Note: CK is a wheat bran sample without fermentation treatment; YPL is solid-state fermented wheat bran of yeast-lactobacillus-Bacillus licheniformis; YPS is yeast-lactobacillus-bacillus subtilis solid-state fermented wheat bran; YPA is solid fermented testa Tritici of yeast-lactobacillus-Aspergillus oryzae; YPR yeast-lactobacillus-Rhizopus oryzae solid state fermentation wheat bran; YN is yeast-Aspergillus niger solid state fermentation wheat bran; KE is wheat bran obtained by solid state fermentation of Trichoderma koningii and Neurospora eutropha; PT is Aspergillus awamori-Trichoderma reesei solid state fermentation wheat bran.

The specific volume, pore density and hardness of whole wheat bread made by adding different mixed-strain solid-state fermented wheat bran powder back to wheat flour are shown in Table 2. In the invention, the whole wheat dough can be directly proofed by utilizing the existing strains in the solid-state fermented wheat bran without adding additional active dry yeast, the specific volume of the whole wheat bread finally prepared by utilizing the solid-state fermented wheat bran of the invention mixed strain is more than 3.50mL/g, the pore density is more than 30 percent, the hardness is less than 600 and is obviously higher than that of the whole wheat bread prepared by wheat bran without fermentation treatment, and the whole wheat bread (KEB, PTB and YNB) prepared by other three kinds of non-patent mixed fermented wheat bran.

TABLE 2 comparison of specific volume, pore density and hardness of whole wheat bread made by adding different mixed-bacteria solid-state fermented wheat bran flour back to wheat flour

Note: CK is bread made of wheat bran samples without fermentation treatment; YPLB is bread made by solid-state fermentation of wheat bran with yeast-lactobacillus-Bacillus licheniformis; YPSB is bread prepared by solid-state fermentation of testa Tritici with yeast, lactobacillus and Bacillus subtilis; YPAB is bread prepared by fermenting testa Tritici with yeast, lactobacillus, and Aspergillus oryzae; bread prepared by fermenting wheat bran with YPRB yeast-lactobacillus-Rhizopus oryzae in solid state; YNB is bread made from wheat bran by yeast-Aspergillus niger solid state fermentation; KEB is bread made by solid-state fermentation of wheat bran by Trichoderma koningii and Neurospora amurensis; PTB is bread made by solid state fermentation of wheat bran with Aspergillus awamori and Trichoderma reesei.

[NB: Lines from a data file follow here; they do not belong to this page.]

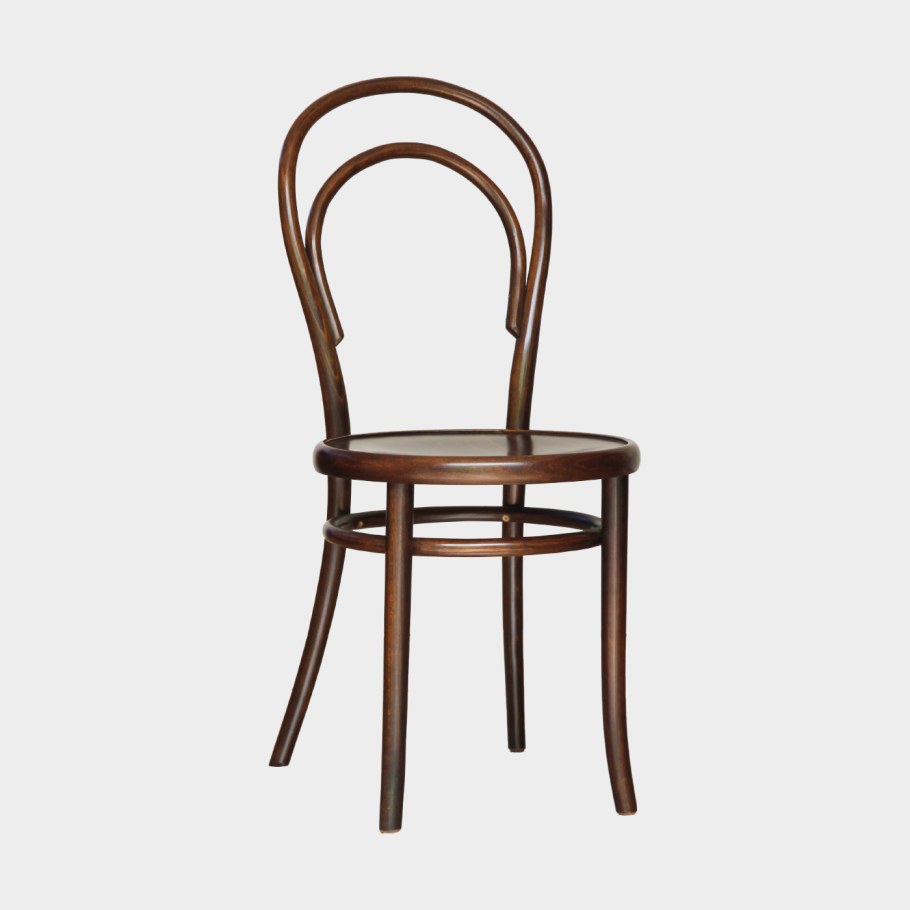 Венский стул Михаэль тонет (Michael Thonet)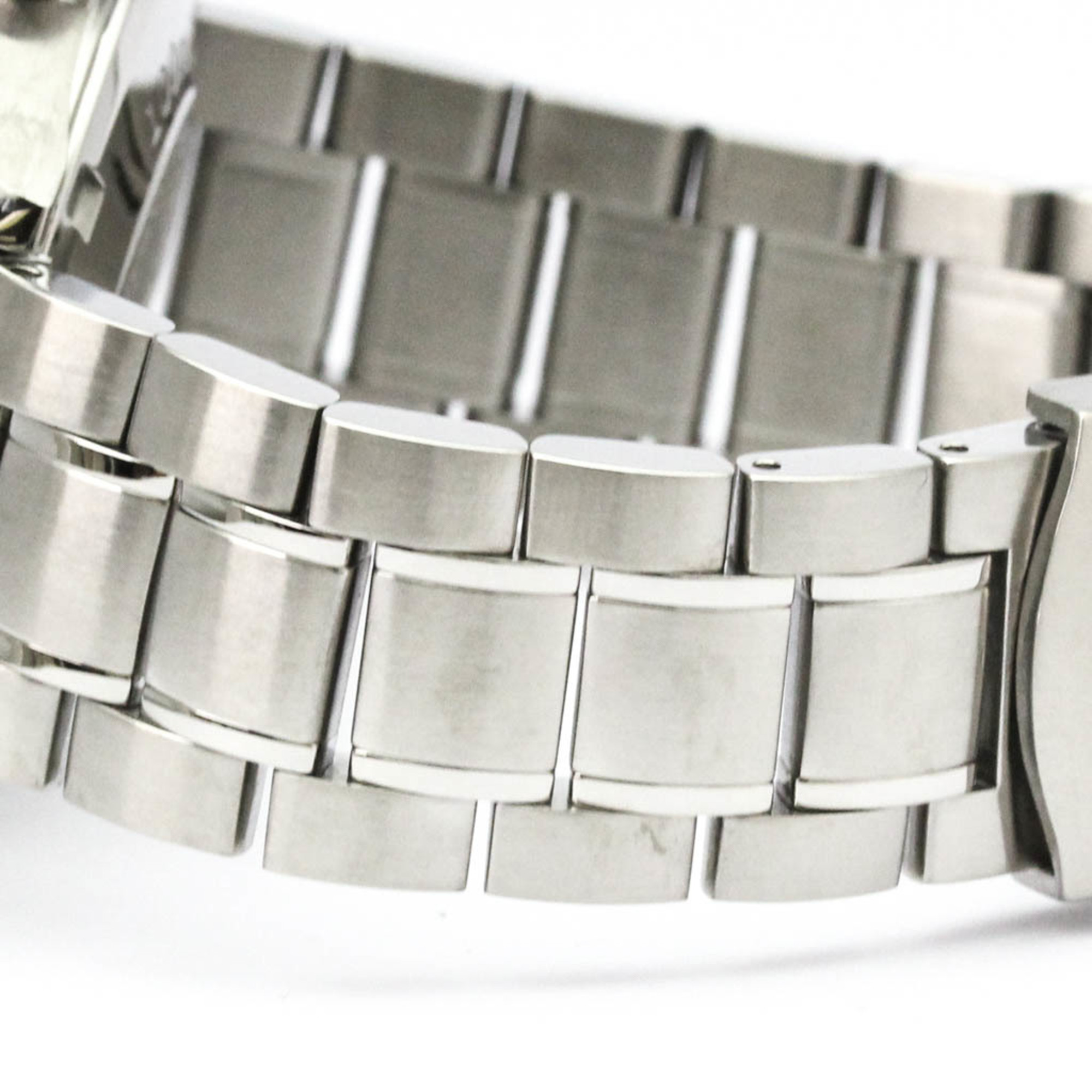 Omega Speedmaster 3210.50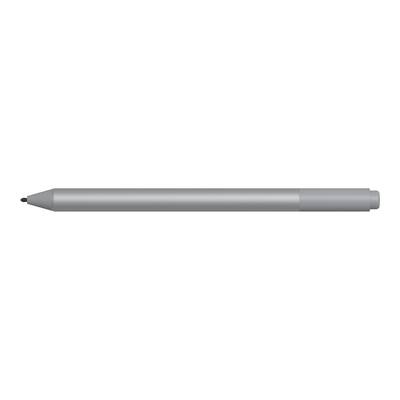 Microsoft Surface Pen M1776 - Stift - 2 Tasten-0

It should be understood that the above-described embodiments of the present invention are merely examples for clearly illustrating the present invention, and are not intended to limit the embodiments of the present invention. Other variations and modifications will be apparent to persons skilled in the art in light of the above description. Not all embodiments are exhaustive. All obvious changes and modifications which are obvious to the technical scheme of the invention are covered by the protection scope of the invention.